__BRIEF__
Look through the entries below and show every line containing the word "Фото".

__SUPPLIED RECORDS__
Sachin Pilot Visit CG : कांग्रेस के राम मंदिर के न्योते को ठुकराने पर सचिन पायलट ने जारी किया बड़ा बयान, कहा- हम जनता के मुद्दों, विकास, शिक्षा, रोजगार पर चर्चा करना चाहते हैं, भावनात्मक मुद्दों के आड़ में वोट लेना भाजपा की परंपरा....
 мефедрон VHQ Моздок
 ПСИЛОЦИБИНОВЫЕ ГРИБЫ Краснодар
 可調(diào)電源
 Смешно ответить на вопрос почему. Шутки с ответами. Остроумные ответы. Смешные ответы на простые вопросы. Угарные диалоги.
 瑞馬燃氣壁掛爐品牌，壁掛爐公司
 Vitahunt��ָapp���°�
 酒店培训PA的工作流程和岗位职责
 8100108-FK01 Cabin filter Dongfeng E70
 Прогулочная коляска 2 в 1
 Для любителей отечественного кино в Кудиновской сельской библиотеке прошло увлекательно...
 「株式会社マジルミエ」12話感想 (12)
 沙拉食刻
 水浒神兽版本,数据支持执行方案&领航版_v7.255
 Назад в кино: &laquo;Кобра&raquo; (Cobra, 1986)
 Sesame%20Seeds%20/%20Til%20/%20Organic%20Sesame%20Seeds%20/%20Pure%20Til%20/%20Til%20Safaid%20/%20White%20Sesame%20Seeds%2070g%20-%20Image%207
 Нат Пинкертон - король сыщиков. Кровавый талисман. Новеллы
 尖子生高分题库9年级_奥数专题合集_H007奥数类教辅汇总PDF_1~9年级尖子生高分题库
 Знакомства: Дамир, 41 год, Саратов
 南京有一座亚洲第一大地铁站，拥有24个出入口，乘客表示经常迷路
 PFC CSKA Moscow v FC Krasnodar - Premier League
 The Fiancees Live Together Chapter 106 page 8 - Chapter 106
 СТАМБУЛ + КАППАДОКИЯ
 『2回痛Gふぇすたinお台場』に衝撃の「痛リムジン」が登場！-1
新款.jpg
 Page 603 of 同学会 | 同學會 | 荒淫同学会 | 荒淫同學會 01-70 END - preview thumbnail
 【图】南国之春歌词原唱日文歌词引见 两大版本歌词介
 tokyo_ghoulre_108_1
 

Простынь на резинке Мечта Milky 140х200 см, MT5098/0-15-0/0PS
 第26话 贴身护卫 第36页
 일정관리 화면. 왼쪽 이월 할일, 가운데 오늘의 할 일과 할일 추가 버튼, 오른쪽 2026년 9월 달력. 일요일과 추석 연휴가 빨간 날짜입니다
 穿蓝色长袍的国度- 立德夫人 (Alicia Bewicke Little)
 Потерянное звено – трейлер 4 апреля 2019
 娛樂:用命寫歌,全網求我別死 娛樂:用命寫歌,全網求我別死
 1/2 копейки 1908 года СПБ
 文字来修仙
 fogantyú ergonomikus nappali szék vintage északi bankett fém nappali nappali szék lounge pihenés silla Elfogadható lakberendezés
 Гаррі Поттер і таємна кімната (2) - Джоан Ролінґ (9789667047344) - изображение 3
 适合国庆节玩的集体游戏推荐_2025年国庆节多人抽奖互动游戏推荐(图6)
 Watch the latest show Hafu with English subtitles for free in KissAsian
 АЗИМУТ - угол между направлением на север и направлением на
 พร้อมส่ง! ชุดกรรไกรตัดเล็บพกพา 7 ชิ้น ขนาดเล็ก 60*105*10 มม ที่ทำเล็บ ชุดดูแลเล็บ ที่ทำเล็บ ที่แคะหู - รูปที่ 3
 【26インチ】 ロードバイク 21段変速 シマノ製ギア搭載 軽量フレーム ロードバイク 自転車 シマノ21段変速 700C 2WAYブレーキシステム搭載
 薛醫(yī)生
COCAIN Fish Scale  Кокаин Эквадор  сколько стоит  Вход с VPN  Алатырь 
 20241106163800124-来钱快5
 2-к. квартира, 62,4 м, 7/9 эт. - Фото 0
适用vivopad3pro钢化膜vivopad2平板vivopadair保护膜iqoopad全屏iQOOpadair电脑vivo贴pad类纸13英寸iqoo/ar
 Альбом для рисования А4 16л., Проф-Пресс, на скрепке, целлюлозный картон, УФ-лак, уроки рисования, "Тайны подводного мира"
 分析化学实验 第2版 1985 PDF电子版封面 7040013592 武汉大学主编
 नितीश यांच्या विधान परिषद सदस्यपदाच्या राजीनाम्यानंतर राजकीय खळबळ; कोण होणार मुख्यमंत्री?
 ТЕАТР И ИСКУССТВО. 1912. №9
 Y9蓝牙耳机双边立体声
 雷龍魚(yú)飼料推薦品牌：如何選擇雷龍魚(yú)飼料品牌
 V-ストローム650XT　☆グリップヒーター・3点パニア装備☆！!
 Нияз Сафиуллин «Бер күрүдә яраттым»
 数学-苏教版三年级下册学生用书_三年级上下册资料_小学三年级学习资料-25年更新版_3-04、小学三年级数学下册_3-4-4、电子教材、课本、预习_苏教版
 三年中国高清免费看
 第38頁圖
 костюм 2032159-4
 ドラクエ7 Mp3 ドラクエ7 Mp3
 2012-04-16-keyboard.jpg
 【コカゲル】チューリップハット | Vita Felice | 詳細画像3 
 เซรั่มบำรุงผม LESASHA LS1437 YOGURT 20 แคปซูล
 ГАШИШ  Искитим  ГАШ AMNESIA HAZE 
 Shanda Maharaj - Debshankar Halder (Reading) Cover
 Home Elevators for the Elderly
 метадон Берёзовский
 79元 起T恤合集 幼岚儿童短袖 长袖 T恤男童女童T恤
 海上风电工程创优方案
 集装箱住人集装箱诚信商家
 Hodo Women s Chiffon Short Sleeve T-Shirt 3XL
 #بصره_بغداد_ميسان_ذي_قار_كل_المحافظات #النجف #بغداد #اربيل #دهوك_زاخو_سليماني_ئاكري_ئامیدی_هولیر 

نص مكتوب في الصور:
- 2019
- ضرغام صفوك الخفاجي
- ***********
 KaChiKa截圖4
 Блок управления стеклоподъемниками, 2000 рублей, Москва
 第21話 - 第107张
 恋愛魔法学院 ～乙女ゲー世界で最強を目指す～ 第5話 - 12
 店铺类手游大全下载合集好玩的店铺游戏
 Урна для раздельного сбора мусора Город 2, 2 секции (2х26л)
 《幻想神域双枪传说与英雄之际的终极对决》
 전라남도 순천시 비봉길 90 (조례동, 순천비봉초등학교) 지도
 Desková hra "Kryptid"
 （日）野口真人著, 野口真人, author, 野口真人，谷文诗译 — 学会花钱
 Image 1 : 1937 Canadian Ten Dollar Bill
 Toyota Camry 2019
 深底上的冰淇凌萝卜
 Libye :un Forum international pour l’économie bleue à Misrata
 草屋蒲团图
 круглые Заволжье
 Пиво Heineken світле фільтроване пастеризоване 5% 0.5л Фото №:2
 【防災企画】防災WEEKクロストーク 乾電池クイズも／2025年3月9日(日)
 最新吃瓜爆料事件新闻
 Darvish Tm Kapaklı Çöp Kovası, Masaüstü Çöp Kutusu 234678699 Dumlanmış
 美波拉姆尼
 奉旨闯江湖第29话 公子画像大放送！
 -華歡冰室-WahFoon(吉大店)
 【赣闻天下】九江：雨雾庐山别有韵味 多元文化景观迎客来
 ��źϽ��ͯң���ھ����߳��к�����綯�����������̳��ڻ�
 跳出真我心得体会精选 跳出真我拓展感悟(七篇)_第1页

__ANSWER TO THE EXERCISE__
 2-к. квартира, 62,4 м, 7/9 эт. - Фото 0
 Пиво Heineken світле фільтроване пастеризоване 5% 0.5л Фото №:2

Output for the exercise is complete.